* **DATA EXCERPT**:
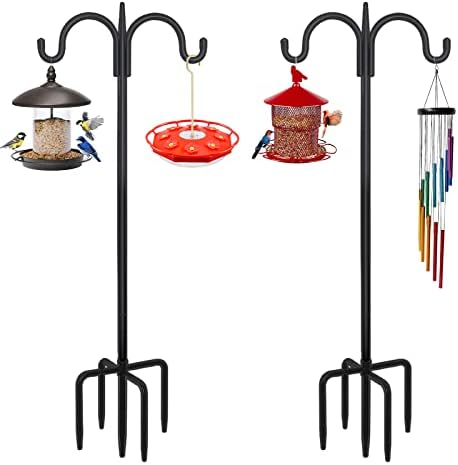 Heavy Duty Shepherds Hook 2 Pack 76" Double Hooks Adjustable (44/60/76") - Metal 5-Prong Base, 17lb Capacity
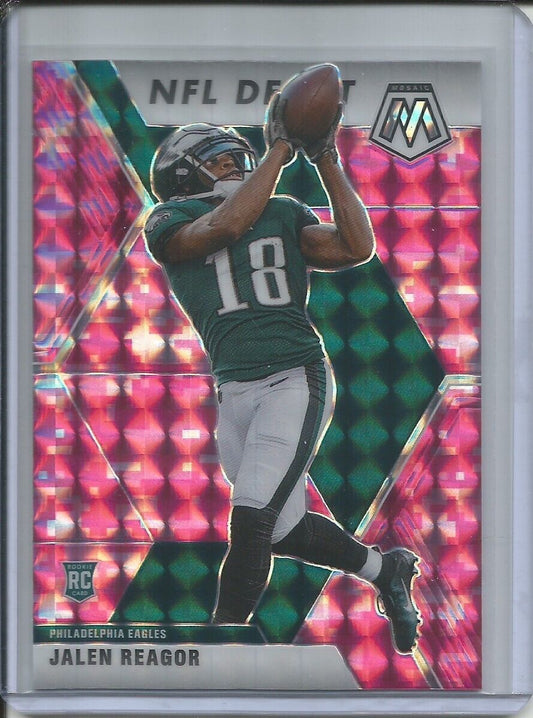 JALEN REAGOR 2019-20 PANINI MOSAIC NFL DEBUT PINK PRIZM EAGLES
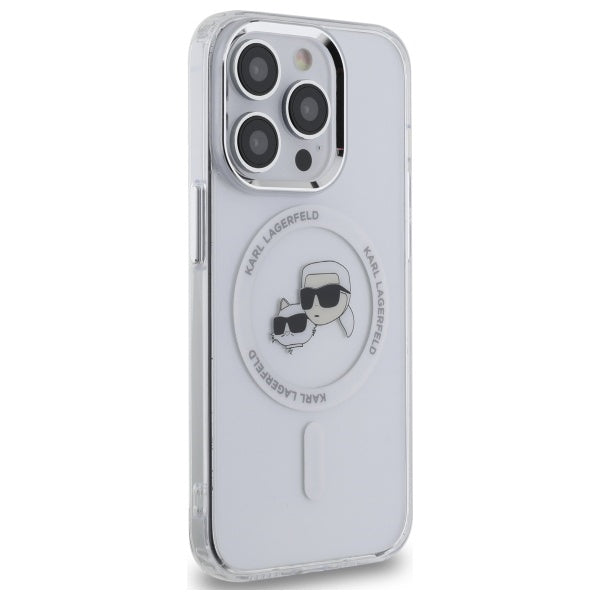 Karl Lagerfeld IML Metal Karl & Choupette Head MagSafe Case for iPhone 14 Pro Max - White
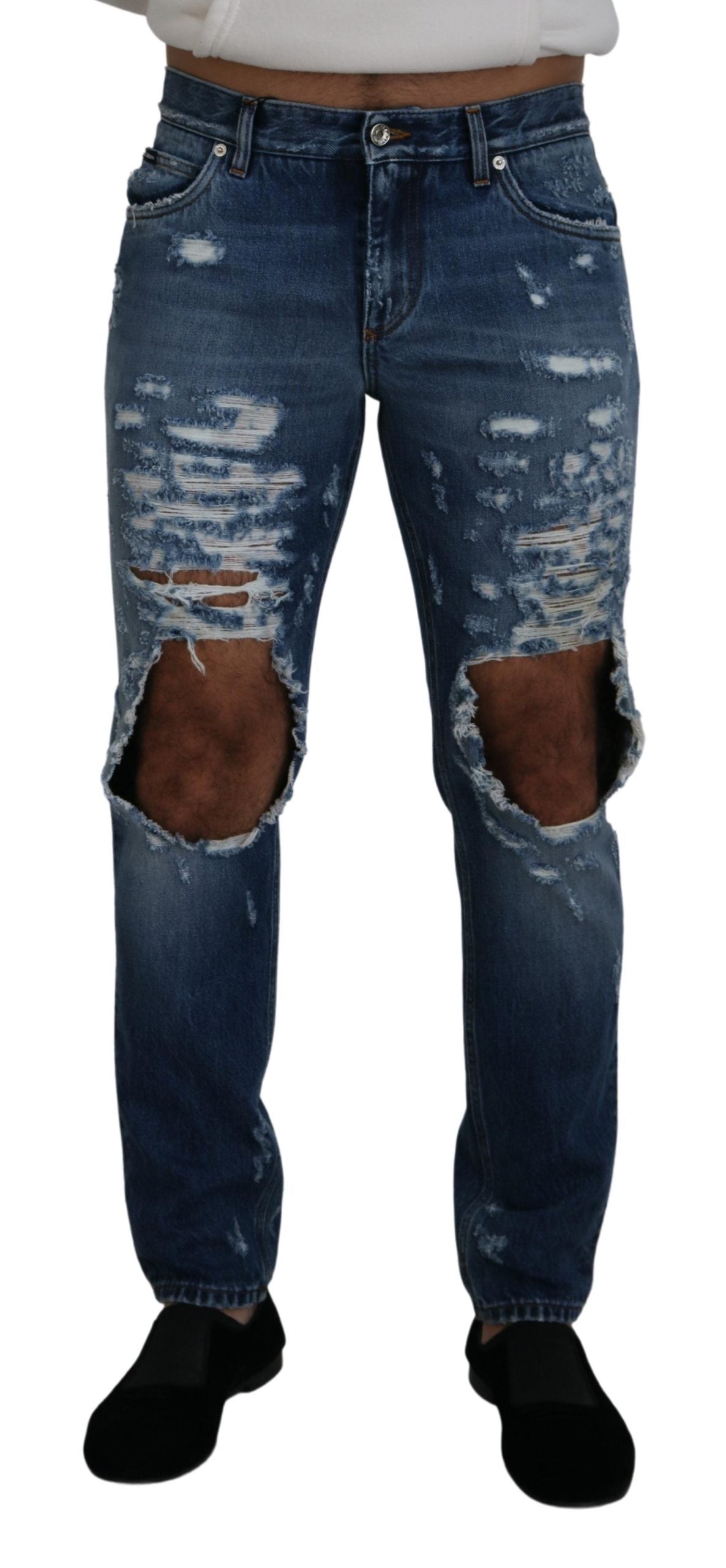 Jeans en jean délavé bleu en coton pour homme de Dolce & Gabbana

* **WHAT YOU HAVE TO DO**: Please return only the lines from the one holding "Karl Lagerfeld IML" through the end of the data, both ends included; do not copy any pictures.

* **WRITTEN SOLUTION**:
 Karl Lagerfeld IML Metal Karl & Choupette Head MagSafe Case for iPhone 14 Pro Max - White
 Jeans en jean délavé bleu en coton pour homme de Dolce & Gabbana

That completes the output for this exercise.